On the other hand, spaCy has a single multilingual sentence detection that appears to work better for splitting up English text in certain cases, unfortunately this model lacks support handling for Chinese punctuation.

  • SENTENCE_MODEL: Specifies the desired SaT/WtP or spaCy sentence detection model. For CPU and runtime considerations, the authors of SaT/WtP recommends using sat-3l-sm or wtp-bert-mini. More advanced SaT/WtP models that use GPU resources (up to ~8 GB for WtP) are also available.

    See list of model names below:

    • WtP Models

    • SaT Models.

      Please note, the only available spaCy model (for text with unknown language) is xx_sent_ud_sm.

    Review list of languages supported by SaT/WtP below:

    Review models and languages supported by spaCy here.

  • SENTENCE_SPLITTER_CHAR_COUNT: Specifies maximum number of characters to process through sentence/text splitter.
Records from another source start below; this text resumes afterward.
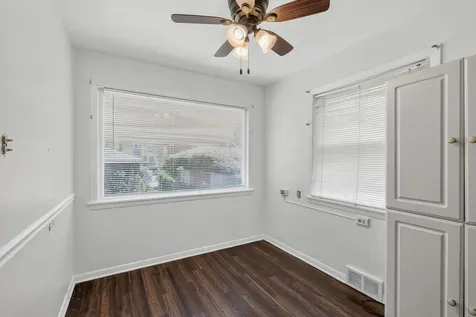 10553 South Calumet Avenue Chicago IL 60628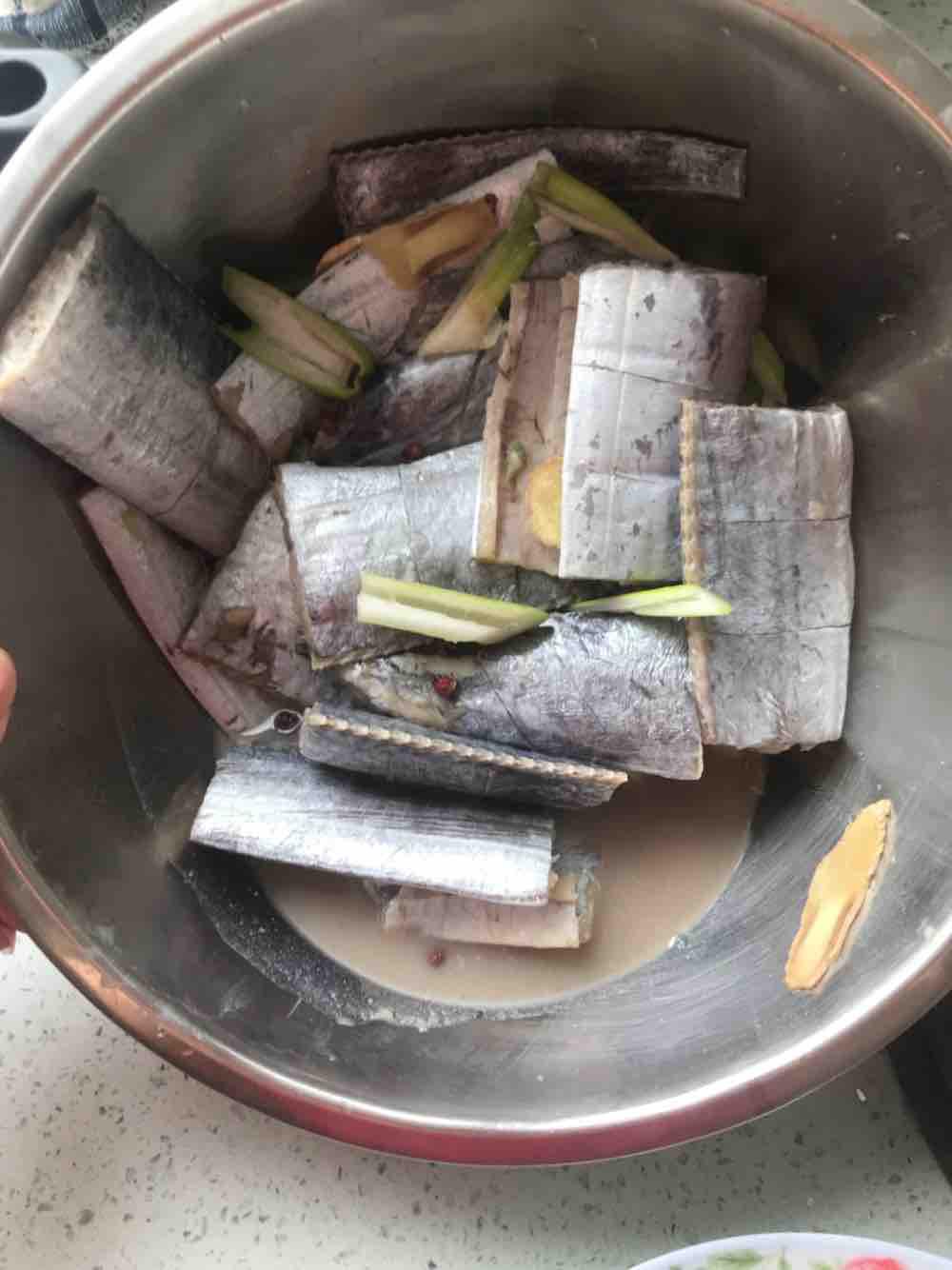 干炸刀魚的做法-咸鮮味炸菜譜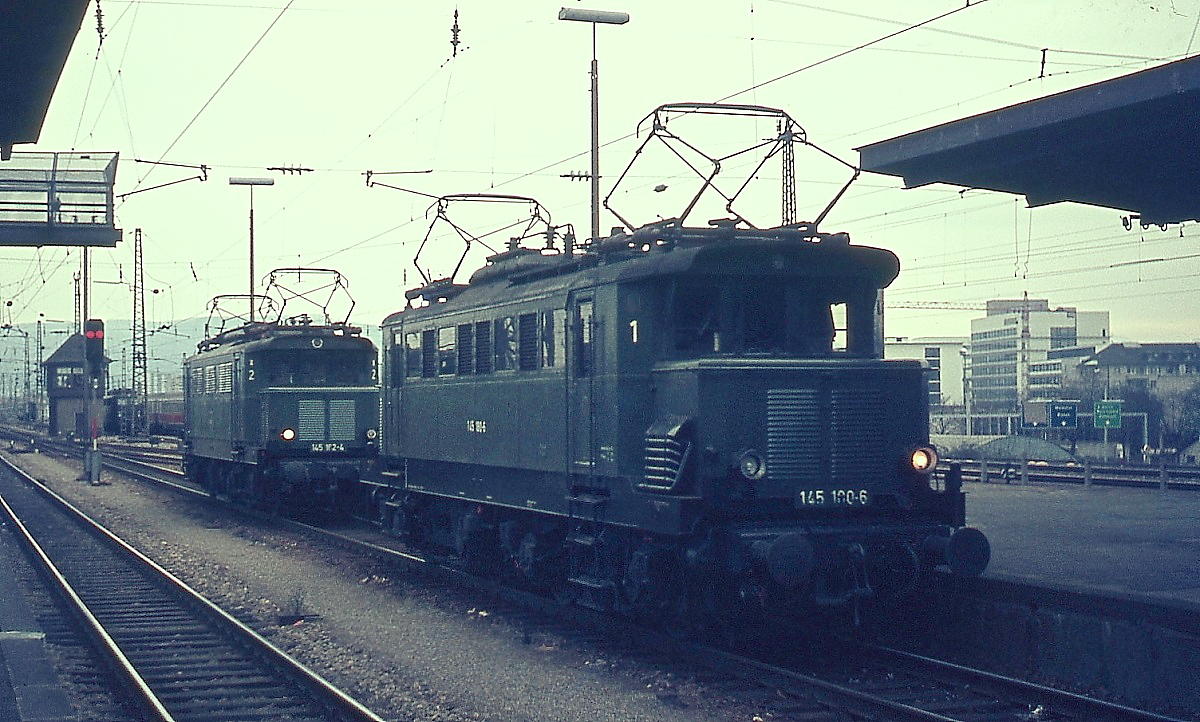 Mitte der 1970er Jahre wurde die Baureihe 145 noch regelm��ig vor Z�gen ins Wiesental eingesetzt, am 31.12.1974 warten 145 180-6 und 145 172-4 in Basel Badischer Bahnhof auf ihren n�chsten Einsatz. Von der 144 unterscheiden sich die 145 durch die elektrische Widerstandsbremse.
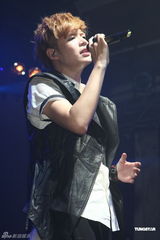 组图：八三夭开唱阿信站台 欲学谢和弦微博放料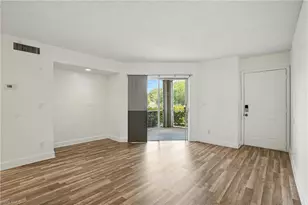 201 Santa Clara Dr, Naples, FL 34104 - Photo 13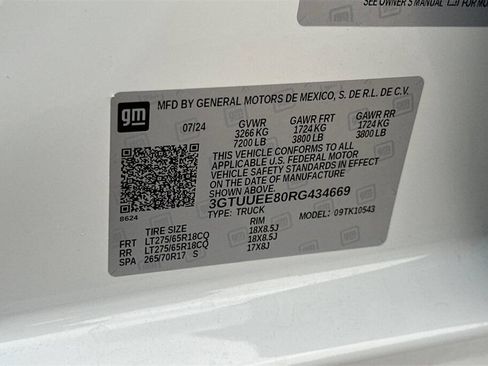 Used 2024 GMC Sierra 1500 AT4 w/ Technology Package image 29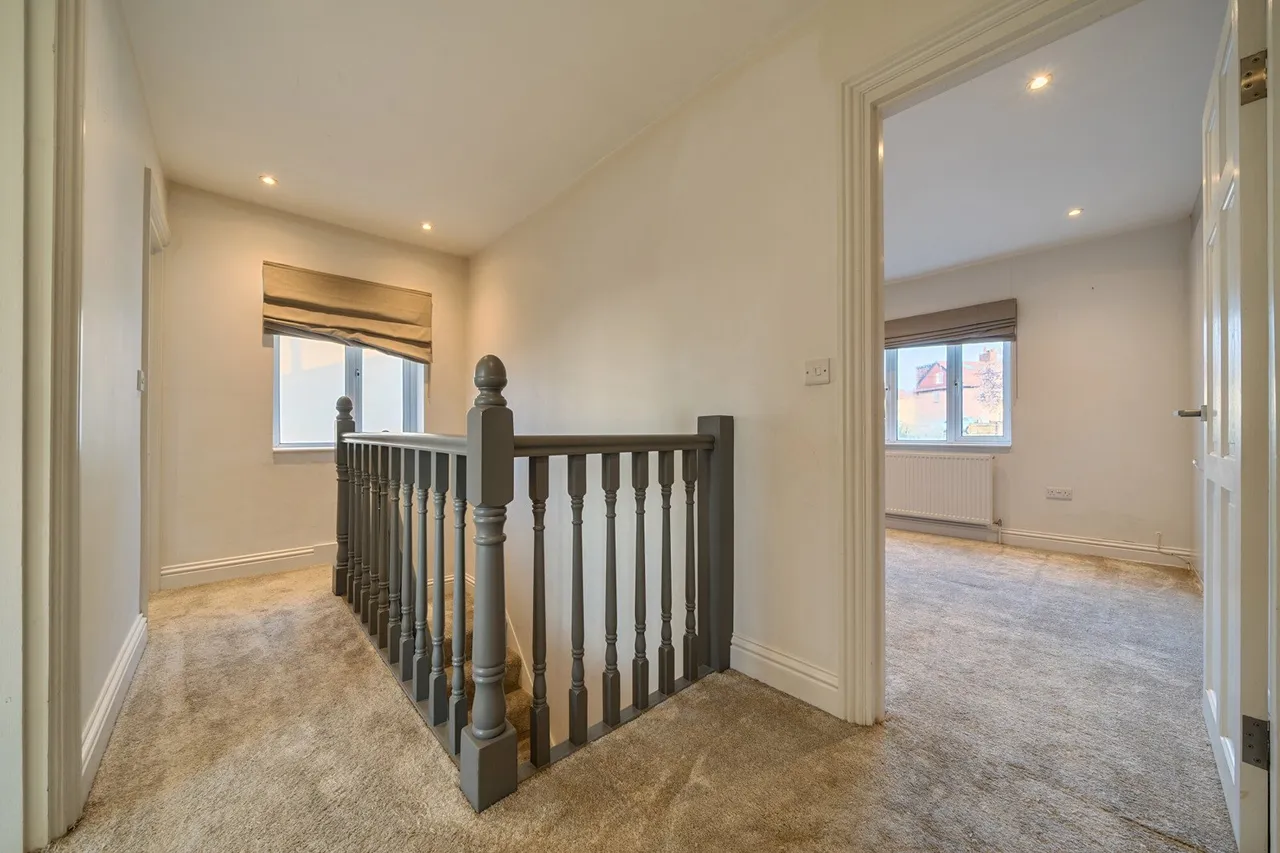 Cobland Road, SE12, photo 2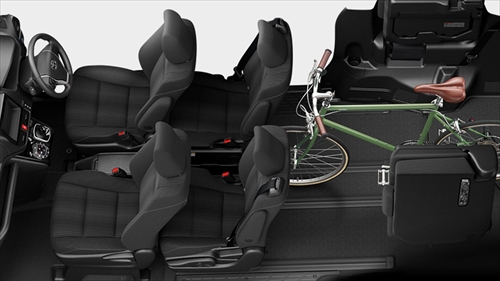 2列目シートを前にスライドさせれば、狭くはなりますが2列目シートに人が乗ったままでも自転車などが積み込めるスペースが確保できます。後列すべてをフルフラットにして横になることも可能。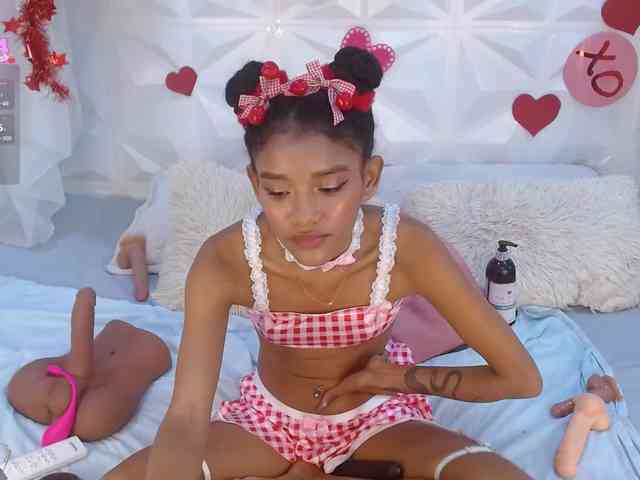 adissonpetite webcam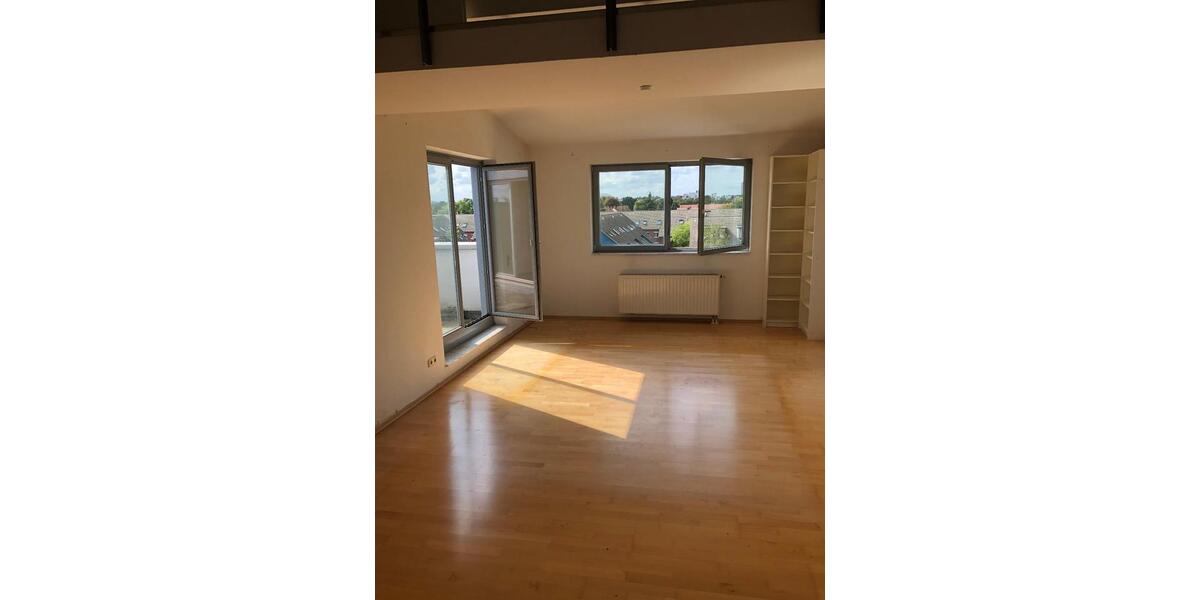 Dachgeschoßwohnung Hannover Bothfeld-Vahrenheide - 4.5 Zimmer, 134 m&sup2;, 450.000&euro; | Angebot:26983092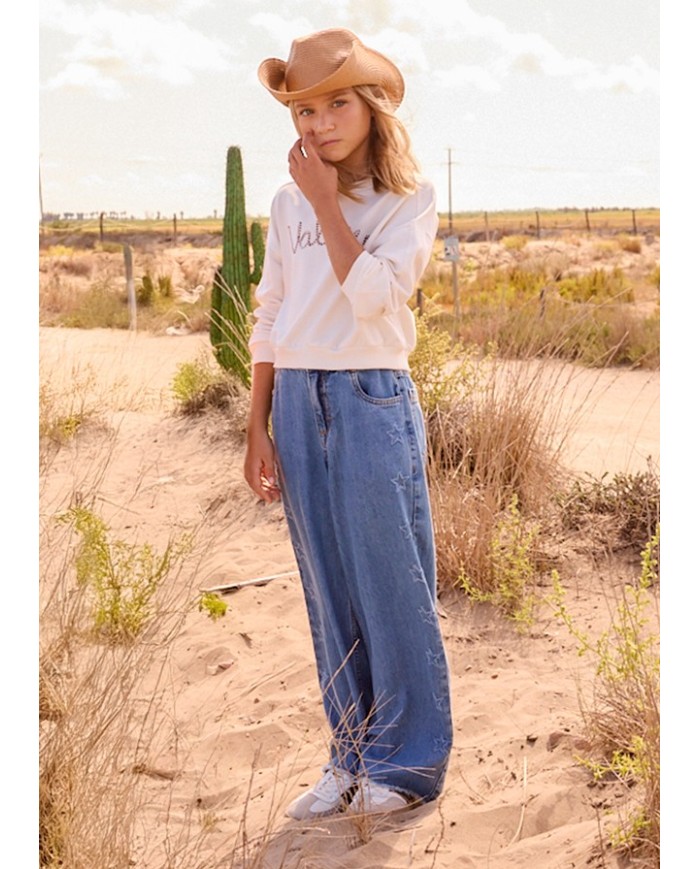 Bernumode | Mayoral: Wide jeans for girls €30.17 Flared-style trousers for girls, wide at the hem. Adjustable elastic waistband with buttons on the inside for a better fit. Comfortable and versatile denim fabric, ideal for everyday outfits. Functional front pockets. Functional back pockets.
Default to 500 characters as we only need to process a subsection of text to determine an appropriate split. (See discussion of potential char lengths here.

  • SENTENCE_SPLITTER_MODE: Specifies text splitting behavior, options include:

    • DEFAULT : Splits text into chunks based on the SENTENCE_SPLITTER_CHAR_COUNT limit.
    • SENTENCE: Splits text at detected sentence boundaries. This mode creates more sentence breaks than DEFAULT, which is more focused on avoiding text splits unless the chunk size is reached.
  • SENTENCE_SPLITTER_INCLUDE_INPUT_LANG: Specifies whether to pass input language to sentence splitter algorithm. Currently, only SaT/WtP supports model threshold adjustments by input language.

  • SENTENCE_MODEL_CPU_ONLY: If set to TRUE, only use CPU resources for the sentence detection model. If set to FALSE, allow sentence model to also use GPU resources. For most runs using spaCy xx_sent_ud_sm, sat-3l-sm, or wtp-bert-mini models, GPU resources are not required. If using more advanced WtP models like wtp-canine-s-12l, it is recommended to set SENTENCE_MODEL_CPU_ONLY=FALSE to improve performance. That WtP model can use up to ~3.5 GB of GPU memory.

    Please note, to fully enable this option, you must also rebuild the Docker container with the following change: Within the Dockerfile, set ARG BUILD_TYPE=gpu. Otherwise, PyTorch will be installed without cuda support and component will always default to CPU processing.

  • SENTENCE_MODEL_WTP_DEFAULT_ADAPTOR_LANGUAGE: More advanced WTP models will require a target language. This property sets the default language to use for sentence splitting, and is overwritten whenever FROM_LANGUAGE, SUGGESTED_FROM_LANGUAGE, or Azure language detection return a different, WtP-supported language option.

Listing Supported Languages

To list the supported languages replace ${ACS_URL} and ${ACS_SUBSCRIPTION_KEY} in the following command and run it:

curl -H "Ocp-Apim-Subscription-Key: ${ACS_SUBSCRIPTION_KEY}" "https://${ACS_URL}/languages?api-version=3.0&scope=translation"

Sample Program

sample_acs_translator.py can be used to quickly test with the Azure endpoint. It translates strings provided via command line arguments.